[[ Working data, beginning ]]

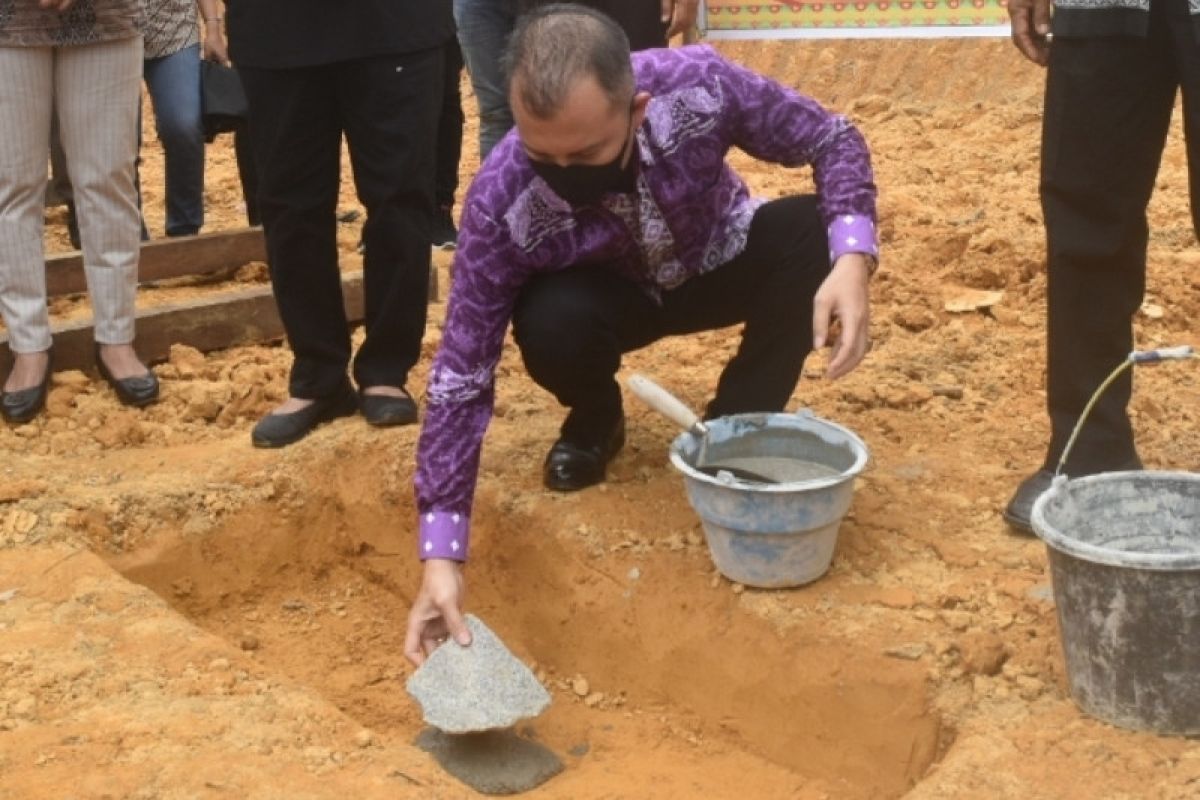 Pembangunan gereja pertama di Desa Jalemu Masulan Gumas dimulai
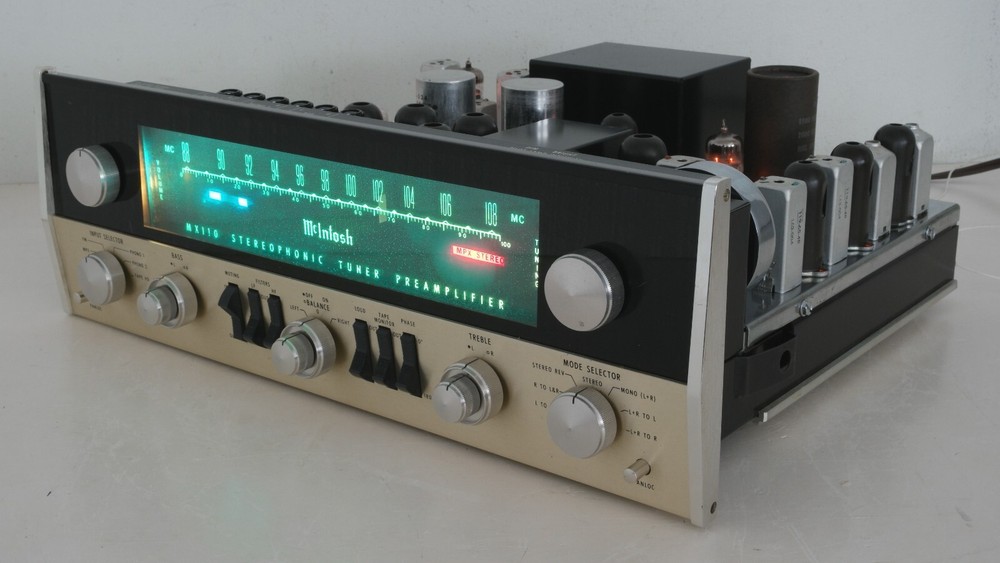 McIntosh MX110Z Stereo Tuner Preamplifier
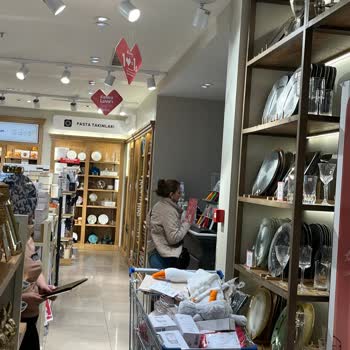 Karaca Mağazasında Müşteriye Paketleme Bırakıldı, Ürün Kırıldı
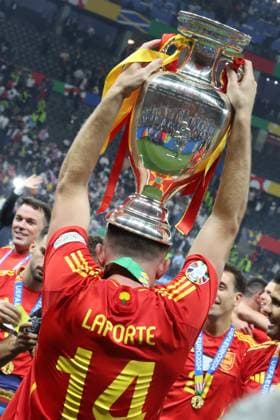 Aymeric Laporte (Spanien, Nr. 14), Jubelfeier, Sieger Spanien, Europameister Spanien, Finale EM 2024, M51, ESP - ENG, Fussball Europameisterschaft, Endspiel Spanien gegen England, Final European Football Championship, Spain vs. England, Berlin, 14.07.2024, -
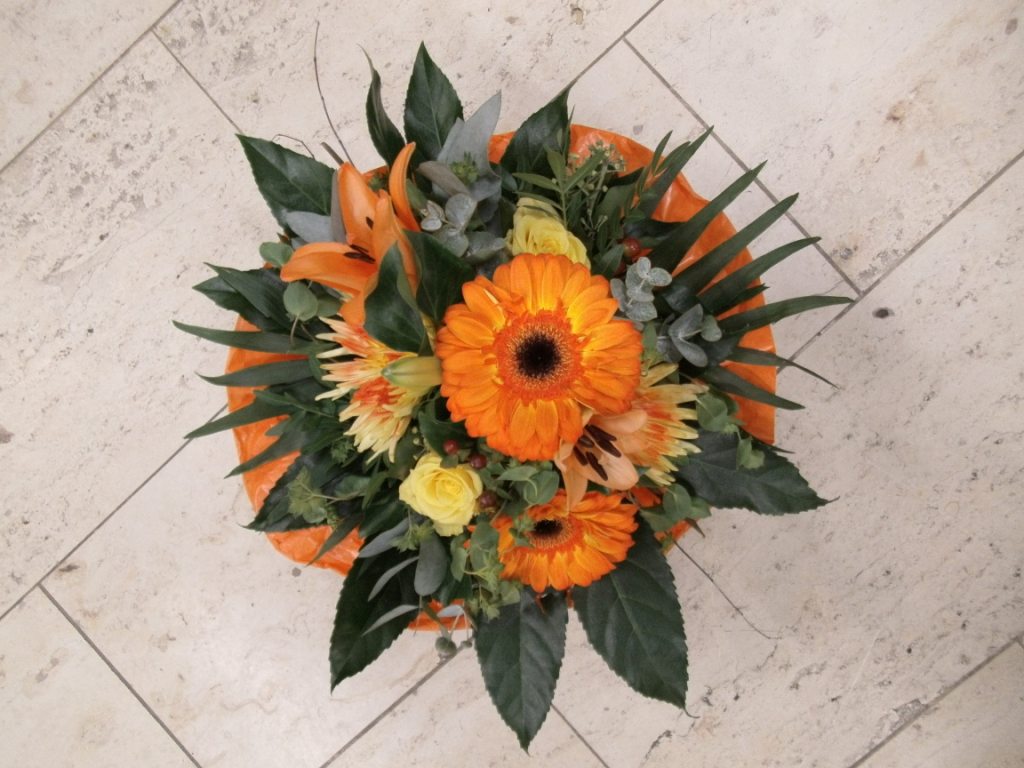 Strauß mit orangefarbenen Gerbera und Lilien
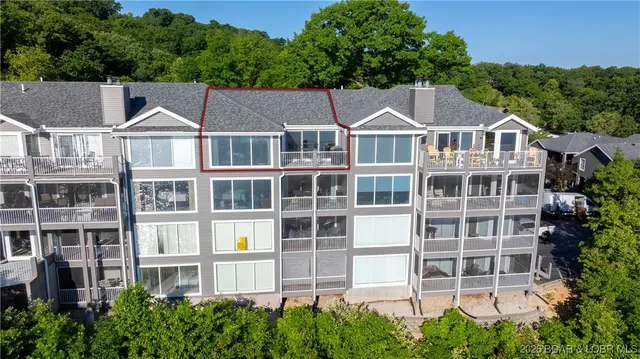 $279,900 | 288 Windsor Bay Drive, Unit 4B, Camdenton, MO 65020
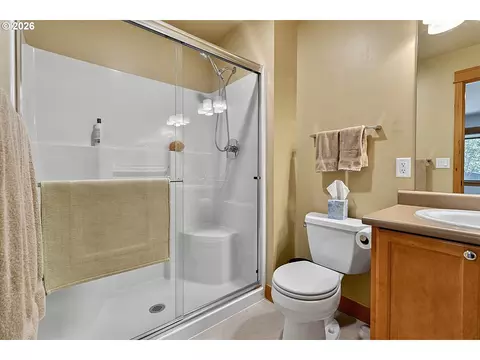 Bath - 4312 Wendell Ln, Eugene, OR 97405 photo 6 of 6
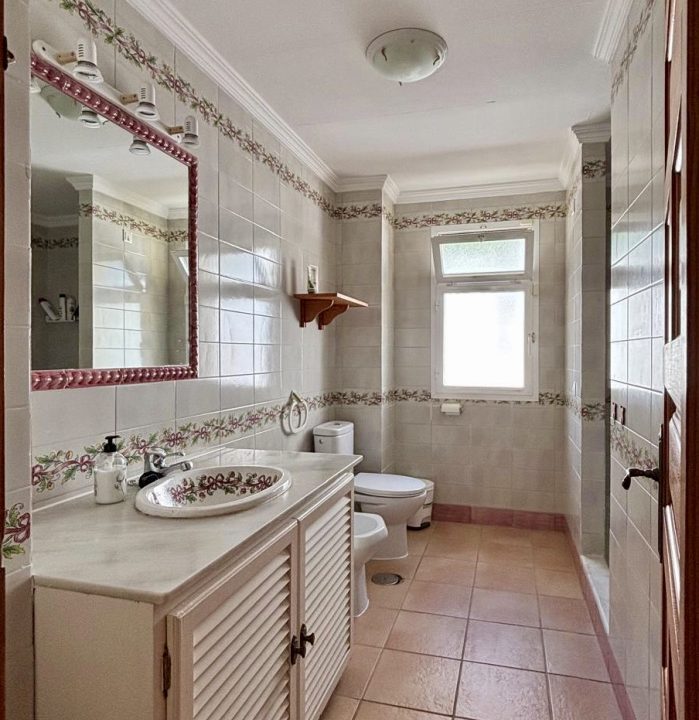 F94v5A2kQGijQHAJ%nq0Zw_thumb_68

[[ Working data, end ]]

Beginning at the line above that contains "McIntosh MX110Z Stereo Tuner Preamplifier" and going on through the line that contains "Karaca Mağazasında Müşteriye", please copy every line exactly, leaving the pictures out and adding nothing.

 McIntosh MX110Z Stereo Tuner Preamplifier
 Karaca Mağazasında Müşteriye Paketleme Bırakıldı, Ürün Kırıldı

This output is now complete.